I have an issue with ES auto balancing shards in my cluster:
- I've seen it moving shards from nodes with more free disk space to nodes with less free disk space
- It has been moving shards non-stop for days, which I thought was ok until I realized it was moving them across AZs (AWS availability zones, which means: that costs money)
- I checked our nodes and they looked already quite balanced: similar shard counts and similar free disk space.

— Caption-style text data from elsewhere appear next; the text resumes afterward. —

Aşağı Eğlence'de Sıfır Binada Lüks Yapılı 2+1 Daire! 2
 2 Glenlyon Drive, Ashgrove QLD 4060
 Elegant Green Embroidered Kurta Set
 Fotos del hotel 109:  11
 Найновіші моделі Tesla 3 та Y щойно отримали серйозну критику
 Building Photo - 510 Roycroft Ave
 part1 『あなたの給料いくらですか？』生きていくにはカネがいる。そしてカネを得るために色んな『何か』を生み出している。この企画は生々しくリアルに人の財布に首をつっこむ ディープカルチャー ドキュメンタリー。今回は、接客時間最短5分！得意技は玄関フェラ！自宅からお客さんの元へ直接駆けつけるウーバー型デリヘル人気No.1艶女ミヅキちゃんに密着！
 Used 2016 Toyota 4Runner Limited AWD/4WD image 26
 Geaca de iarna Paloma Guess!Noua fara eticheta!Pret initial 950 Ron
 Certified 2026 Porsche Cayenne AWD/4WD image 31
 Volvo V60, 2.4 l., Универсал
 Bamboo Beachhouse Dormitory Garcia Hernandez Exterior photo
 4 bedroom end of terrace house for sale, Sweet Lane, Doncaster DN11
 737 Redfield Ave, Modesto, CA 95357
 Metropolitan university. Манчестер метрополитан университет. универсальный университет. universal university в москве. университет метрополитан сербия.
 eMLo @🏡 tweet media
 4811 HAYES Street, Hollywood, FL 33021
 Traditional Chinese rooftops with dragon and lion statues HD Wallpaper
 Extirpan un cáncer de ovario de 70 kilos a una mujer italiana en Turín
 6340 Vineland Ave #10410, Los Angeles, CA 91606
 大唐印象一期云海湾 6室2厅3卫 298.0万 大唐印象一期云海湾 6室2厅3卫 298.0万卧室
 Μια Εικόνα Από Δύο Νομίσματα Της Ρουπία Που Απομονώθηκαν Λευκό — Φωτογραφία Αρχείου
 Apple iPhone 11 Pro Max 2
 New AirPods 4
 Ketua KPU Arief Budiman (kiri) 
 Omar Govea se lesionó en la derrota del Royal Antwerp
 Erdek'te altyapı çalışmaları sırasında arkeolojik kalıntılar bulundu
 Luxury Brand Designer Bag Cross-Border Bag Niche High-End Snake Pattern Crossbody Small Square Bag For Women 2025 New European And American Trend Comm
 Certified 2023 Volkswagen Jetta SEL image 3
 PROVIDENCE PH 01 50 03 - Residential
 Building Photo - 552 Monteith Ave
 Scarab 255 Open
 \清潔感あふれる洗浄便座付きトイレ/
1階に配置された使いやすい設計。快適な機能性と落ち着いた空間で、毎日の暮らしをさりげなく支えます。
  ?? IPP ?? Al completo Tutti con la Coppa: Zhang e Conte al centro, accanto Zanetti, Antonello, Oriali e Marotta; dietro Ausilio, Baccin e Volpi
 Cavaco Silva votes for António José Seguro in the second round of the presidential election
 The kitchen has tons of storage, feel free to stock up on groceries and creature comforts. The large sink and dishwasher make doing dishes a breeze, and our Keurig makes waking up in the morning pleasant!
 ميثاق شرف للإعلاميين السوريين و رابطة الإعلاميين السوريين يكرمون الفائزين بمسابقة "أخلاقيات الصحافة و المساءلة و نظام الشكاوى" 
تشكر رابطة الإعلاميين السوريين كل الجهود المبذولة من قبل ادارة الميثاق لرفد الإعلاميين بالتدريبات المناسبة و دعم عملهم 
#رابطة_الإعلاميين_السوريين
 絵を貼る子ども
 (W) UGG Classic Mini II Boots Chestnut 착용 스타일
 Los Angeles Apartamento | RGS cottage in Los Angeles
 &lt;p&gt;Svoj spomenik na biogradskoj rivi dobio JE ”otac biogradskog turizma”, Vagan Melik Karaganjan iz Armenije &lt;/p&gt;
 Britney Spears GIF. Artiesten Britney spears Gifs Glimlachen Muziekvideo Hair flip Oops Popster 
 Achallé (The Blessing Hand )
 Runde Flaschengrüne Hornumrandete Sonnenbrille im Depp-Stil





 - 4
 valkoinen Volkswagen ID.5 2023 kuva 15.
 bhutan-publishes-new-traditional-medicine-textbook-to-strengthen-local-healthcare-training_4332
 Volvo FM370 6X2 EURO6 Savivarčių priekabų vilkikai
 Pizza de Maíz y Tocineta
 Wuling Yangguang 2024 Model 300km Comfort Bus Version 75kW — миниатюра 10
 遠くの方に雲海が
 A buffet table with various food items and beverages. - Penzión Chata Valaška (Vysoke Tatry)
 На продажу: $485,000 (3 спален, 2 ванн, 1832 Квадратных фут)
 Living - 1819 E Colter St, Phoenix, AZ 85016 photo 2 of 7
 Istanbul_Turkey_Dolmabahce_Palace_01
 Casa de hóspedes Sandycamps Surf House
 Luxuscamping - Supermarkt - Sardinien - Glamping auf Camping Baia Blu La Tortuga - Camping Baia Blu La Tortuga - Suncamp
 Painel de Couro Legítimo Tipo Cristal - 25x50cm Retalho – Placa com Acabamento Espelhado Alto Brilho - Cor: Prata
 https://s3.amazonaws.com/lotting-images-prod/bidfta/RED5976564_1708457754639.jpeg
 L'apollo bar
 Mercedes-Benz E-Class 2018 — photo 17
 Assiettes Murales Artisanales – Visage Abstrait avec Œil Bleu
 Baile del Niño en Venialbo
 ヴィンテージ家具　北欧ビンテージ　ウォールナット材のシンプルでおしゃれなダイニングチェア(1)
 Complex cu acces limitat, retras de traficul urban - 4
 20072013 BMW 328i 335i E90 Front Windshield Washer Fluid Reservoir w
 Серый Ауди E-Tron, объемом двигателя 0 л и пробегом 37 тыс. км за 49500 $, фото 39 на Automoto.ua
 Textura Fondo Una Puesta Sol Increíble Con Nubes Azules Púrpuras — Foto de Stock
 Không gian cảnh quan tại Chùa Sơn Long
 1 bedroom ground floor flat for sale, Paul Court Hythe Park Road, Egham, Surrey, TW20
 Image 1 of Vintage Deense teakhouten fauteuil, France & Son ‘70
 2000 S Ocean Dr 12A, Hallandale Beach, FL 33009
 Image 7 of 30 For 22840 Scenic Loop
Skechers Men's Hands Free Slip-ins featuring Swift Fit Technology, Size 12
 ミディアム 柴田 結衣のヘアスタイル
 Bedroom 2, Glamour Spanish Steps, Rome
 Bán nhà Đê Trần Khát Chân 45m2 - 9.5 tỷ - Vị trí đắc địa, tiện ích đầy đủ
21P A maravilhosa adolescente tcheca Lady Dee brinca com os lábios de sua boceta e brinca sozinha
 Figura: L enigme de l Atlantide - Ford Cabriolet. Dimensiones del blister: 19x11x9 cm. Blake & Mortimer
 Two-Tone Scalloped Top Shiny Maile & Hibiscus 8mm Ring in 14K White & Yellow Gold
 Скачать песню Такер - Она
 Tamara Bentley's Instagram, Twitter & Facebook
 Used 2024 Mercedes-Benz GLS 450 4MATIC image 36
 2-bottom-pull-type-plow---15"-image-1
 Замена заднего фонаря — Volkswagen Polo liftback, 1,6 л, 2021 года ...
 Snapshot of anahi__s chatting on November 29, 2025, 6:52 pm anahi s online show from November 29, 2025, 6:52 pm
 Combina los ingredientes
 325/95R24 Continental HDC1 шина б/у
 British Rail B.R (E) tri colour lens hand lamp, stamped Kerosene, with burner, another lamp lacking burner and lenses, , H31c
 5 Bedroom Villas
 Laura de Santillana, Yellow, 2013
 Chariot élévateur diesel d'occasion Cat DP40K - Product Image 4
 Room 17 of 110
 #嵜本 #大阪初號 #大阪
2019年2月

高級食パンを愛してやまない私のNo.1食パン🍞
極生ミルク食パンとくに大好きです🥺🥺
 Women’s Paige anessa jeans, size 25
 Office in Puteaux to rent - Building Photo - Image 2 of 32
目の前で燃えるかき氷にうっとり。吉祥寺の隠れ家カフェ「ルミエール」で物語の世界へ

Why is ES taking the decision of moving shards then? Is there a way to look into why ES decides to balance a shard in a certain way?
Thanks.
Edit:
Some maybe-relevant configuration values we have set in our cluster:
Shard allocation settings
cluster.routing.allocation.enable => all
cluster.routing.allocation.node_concurrent_incoming_recoveries => 2
cluster.routing.allocation.node_concurrent_outgoing_recoveries => 2
cluster.routing.allocation.node_concurrent_recoveries => 8
cluster.routing.allocation.node_initial_primaries_recoveries => 4
cluster.routing.allocation.same_shard.host => false
Shard rebalancing settings
cluster.routing.allocation.allow_rebalance => indices_all_active
cluster.routing.allocation.cluster_concurrent_rebalance => 2
Shard balancing heuristics
cluster.routing.allocation.balance.shard => 0.45
cluster.routing.allocation.balance.index => 0.99f
cluster.routing.allocation.balance.threshold => 1.0
BTW:
- I'm using ElasticSearch 6.8
- My data nodes already have
cluster.routing.allocation.awareness.attributes'
set to'aws_availability_zone'
I had posted two similar questions in ES' blog: "Discuss the Elastic Stack" as I didn't get answers there:
There is a similar SO question here but it didn't get any answers. Also, the version they were using at the start of 2017 is likely different from the one I'm using now.